Hoy se canta de otro modo
NdA: El tema de la poesía lunfarda surgió en un bar de la avenida Santa Fe. Cuando nos sentamos a la mesa, pedimos el café de ritual. Rivero nos sorprendió preguntándole al mozo si había mate cocido. El hombre asintió. Mientras el cantor vertía el agua caliente sobre el saquito de yerba, nos comentaba: «En pocos boliches tienen mate cocido. Es una lástima. En todos estos sitios tendrían que venderlo. Deberíamos acostumbrarnos a pedir esta infusión criolla en cambio de café». Sí, Rivero es un auténtico criollo. Un hombre que, como lo hace con el mate, ha bebido el cancionero argentino en sus fuentes. Por eso, en el siguiente encuentro —esta vez en El Viejo Almacén— soltamos la pregunta con respecto a los cambios que se han operado en la canción ciudadana.

—Usted ha conservado la pureza de nuestras especies musicales, pero también ha cantado a Piazzolla. ¿Qué opina del tango actual?

—Hay muy pocos o se difunden pocos de ellos.

—Estoy de acuerdo con esto último. Sé de muchos autores —y soy uno de ellos— con una gran cantidad de tangos que nadie canta. Pero, ¿cómo ve el tango presente?

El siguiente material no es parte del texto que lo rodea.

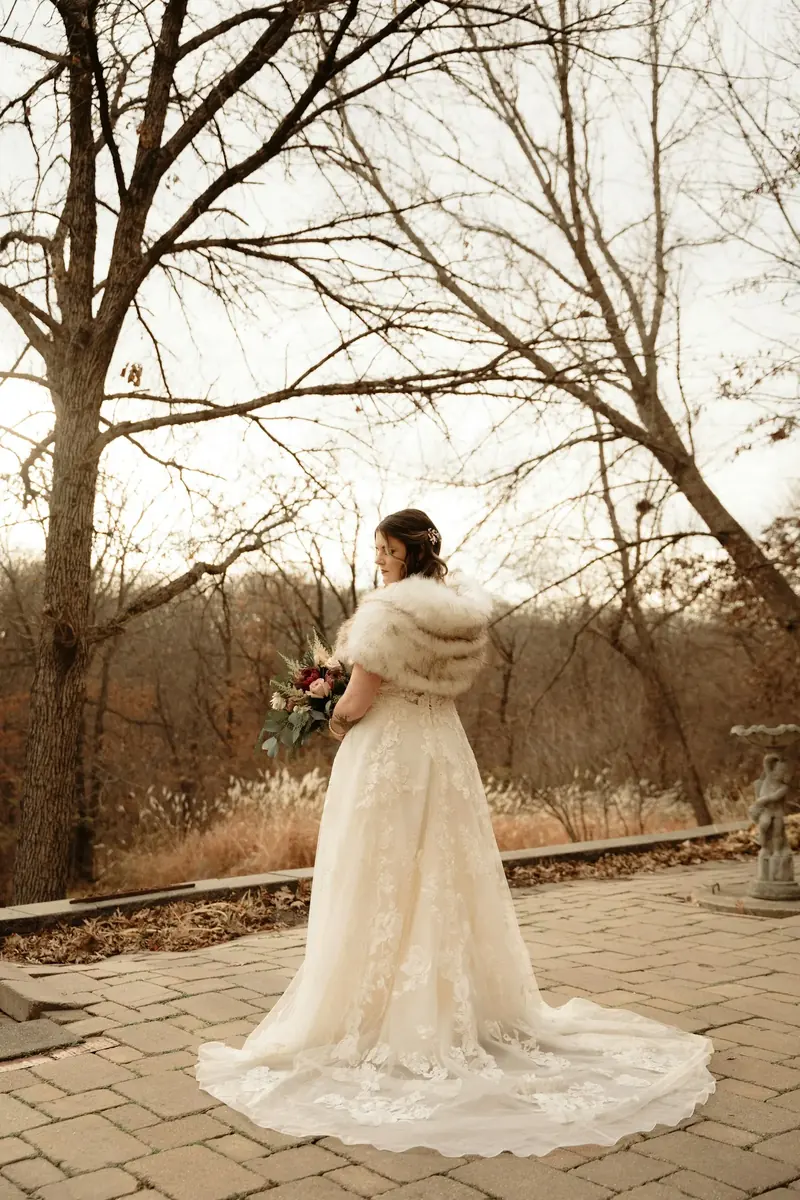 Bride in a fur wrap beneath bare winter trees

—Los tangos de hoy —al menos, los que he escuchado— cantan a la luz de mercurio, al asfalto. No tienen el calor ni el color de la cosa pasada; aquello que cantó Manrique: «Recuerde el alma dormida, / avive el seso y despierte» el ubi sunt que anda por tantas viejas letras. Además, hoy se canta de otro modo. Ya los chicos no ven cosas que les embellezcan la vista o el espíritu. Todo está en el paisaje. Mire esos edificios modernos: lisos, cuadrados; cuando antes, la arquitectura estaba poblada de ornamentos. En consecuencia, hoy el tango no se adorna. Además, nuestro género es muy difícil, porque en él es mejor contar que cantar. Lo ideal es hacer las dos cosas y, además, adornar el canto. Esto de los adornos lo introdujo Gardel en el tango cantable.

—Es verdad. Y también Gardel estrenaba tangos continuamente, cosa que ahora, por cierto, no ocurre.

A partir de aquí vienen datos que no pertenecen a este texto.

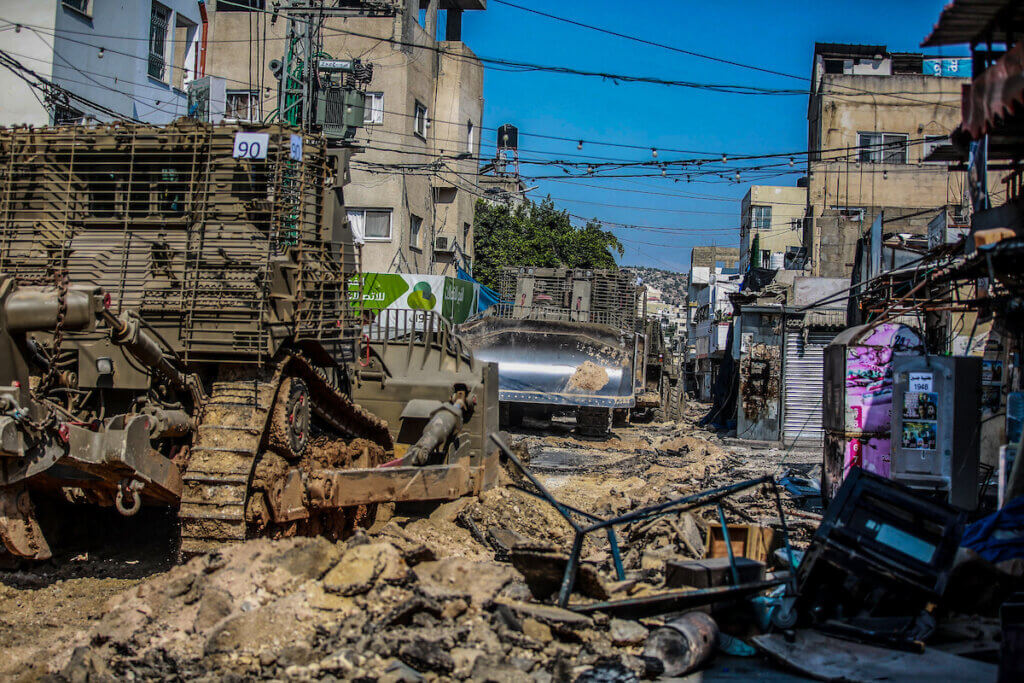 Israeli military bulldozers seen leveling roads and destroying the center of the Jenin refugee camp during a raid on the camp near the West Bank city of Jenin, July 3, 2023. (Photo: Nasser Ishtayeh/SOPA Images via ZUMA Press Wire/APA Images)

—Sí, pero así le iba. Tenia que cantar en el exterior porque aquí aplaudían a cualquiera.

—Sí, así fue. Pero hoy en día, los cantores de tevé o tanguerías, además de no interpretar —nuevos tangos, hacen un repertorio— for export, como ahora se dice.

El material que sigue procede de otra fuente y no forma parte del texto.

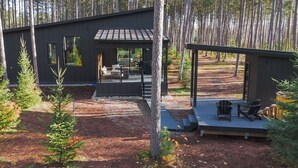 A modern cabin with a deck, outdoor seating, and a forest backdrop. - Brand New Black Fox Cabin (Sprucedale)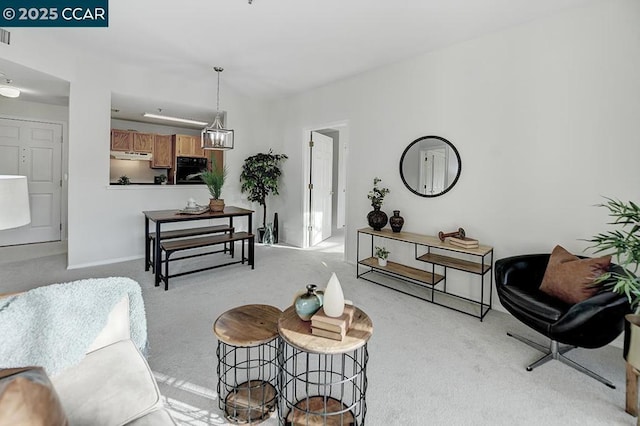 living area with light carpet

—Porque los turistas son quienes, generalmente, concurren a esos sitios. Y ése es otro problema. Un obrero, un empleado, no pueden ir a los lugares de tango. ¿Sabe por qué? Porque a causa de los altos costos actuales, es imposible que haya espectáculos baratos.

—De todos modos, sigue habiendo cantores de tango. Aunque muchos de ellos han heredado, lamentablemente, los defectos de los malos intérpretes. Creo que nadie está tan autorizado como usted para opinar cómo se debe cantar, cómo deben hacerlo los nuevos cantores que, en definitiva, son los sucesores del pasado.

—Como ya dije, es bueno que cuenten y canten. Que tengan su estilo. El cantor debe ser como el pájaro: cada cual canta en su rama.

Nos despedimos. Estrechamos la mano tan grande como fraternal del cantor. Tomamos la calle Balcarce hacia el norte. La calle se empecina en retener un pasado de tango. Volvemos la vista hacia la esquina de Independencia siempre habrá una esquina-; allí, en el árbol que ha plantado la devoción del pueblo, Edmundo Rivero sigue cantando en su rama.

Sábado 18 de enero de 1986. La tevé nos tira la noticia, que se nos clava en el alma. En la derecha, nos duele el recuerdo de la mano grandota de Edmundo Rivero. Hay un árbol con una rama solitaria.

La ciudad se ha quedado sin voz.

Originalmente publicado en la revista Todo es Historia, dirigida por Félix Luna, septiembre de 1987.